In past years, many histories of Australia began with the so-called ‘discovery’ of parts of the ‘Great South Land’ by European explorers.
While this approach may be understandable, it is no longer acceptable to view the Indigenous history of Australia purely from a European perspective. To do so would disrespect profoundly the continent’s first inhabitants. This chapter thus begins with a consideration of the profound relationship between Indigenous Australians and the land. It examines the landmark 1992 decision in Mabo v Queensland (No 2), which led to the passage of the Native Title Act 1993 (Cth) ensuring the continuing recognition and protection of Indigenous Australians’ native title rights and interests. The chapter focuses on the rights, obligations and procedures for establishing, proving, and contesting native title claims through both the Federal Court and the National Native Title Tribunal. It discusses the landmark High Court decision in Northern Territory v Griffiths in relation to compensation for extinguishment of native title. The chapter concludes by considering state and territory legislation introduced following the enactment of the Native Title Act 1993 (Cth).

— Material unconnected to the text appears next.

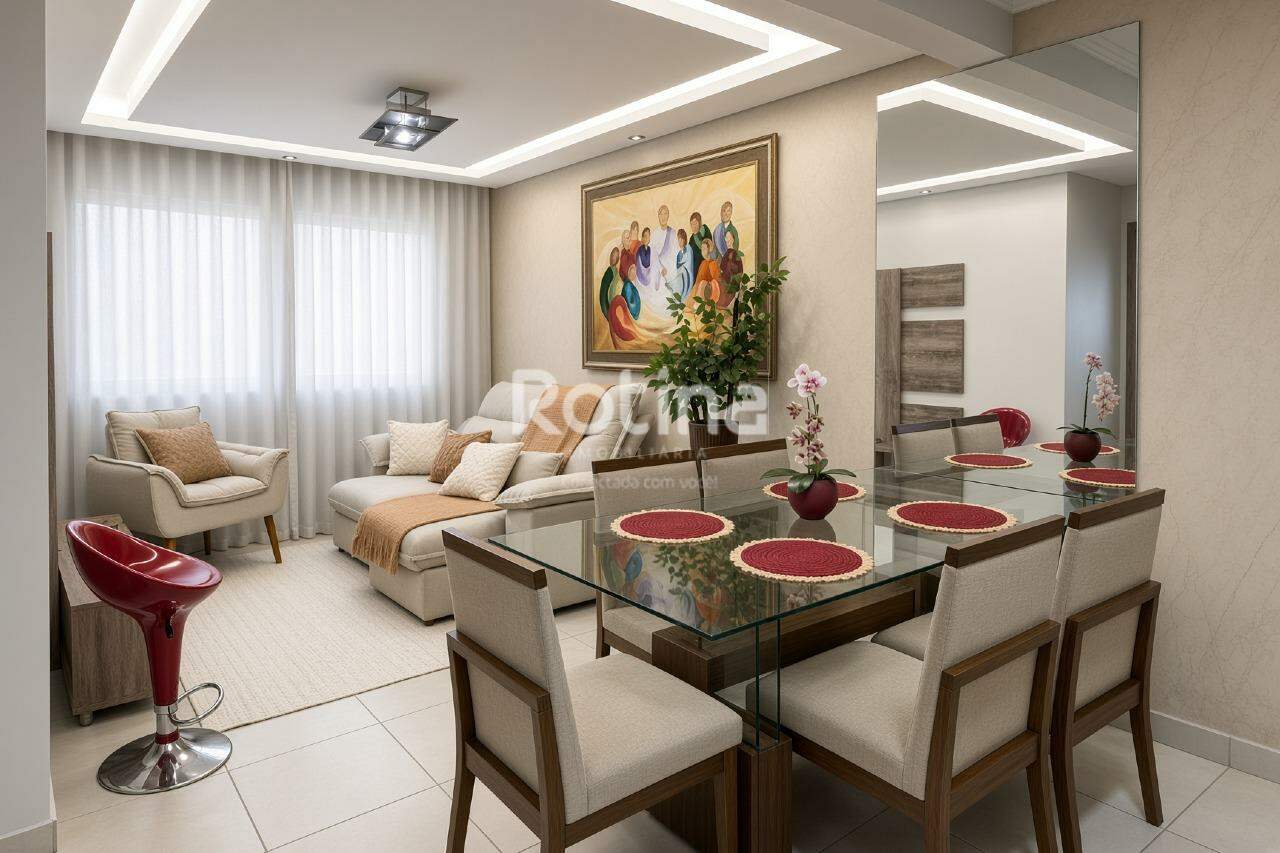 Apartamento à venda, 3 quartos em Uberlândia no bairro Nossa Senhora das Graças no valor de R$ 319.000,00 - Rotina Imobiliária:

The law and practice relating to boundaries, easements, and covenants are important to understand. Without such knowledge, you cannot properly inform clients of the limitations of the property they may want to buy, sell, develop, occupy or lease.
The law in relation to boundaries is understood by considering current plans in relation to the parcel of land. However, boundary issues are not necessarily straightforward. The law in relation to land boundaries can be found in Torrens legislation, Crown lands legislation, subdivision legislation, the common law, imperial orders, and legislation of the 19th century. Boundary issues are important to understand especially where your clients’ land boundaries abut watercourses, or the land has a depth or height limitation, or it abuts a road.
In contrast, the law in relation to easements, profits a prendre and freehold covenants is essentially common law based, but different jurisdictions treat the creation, recording, removal and variation of easements, profits a prendre and freehold covenants differently.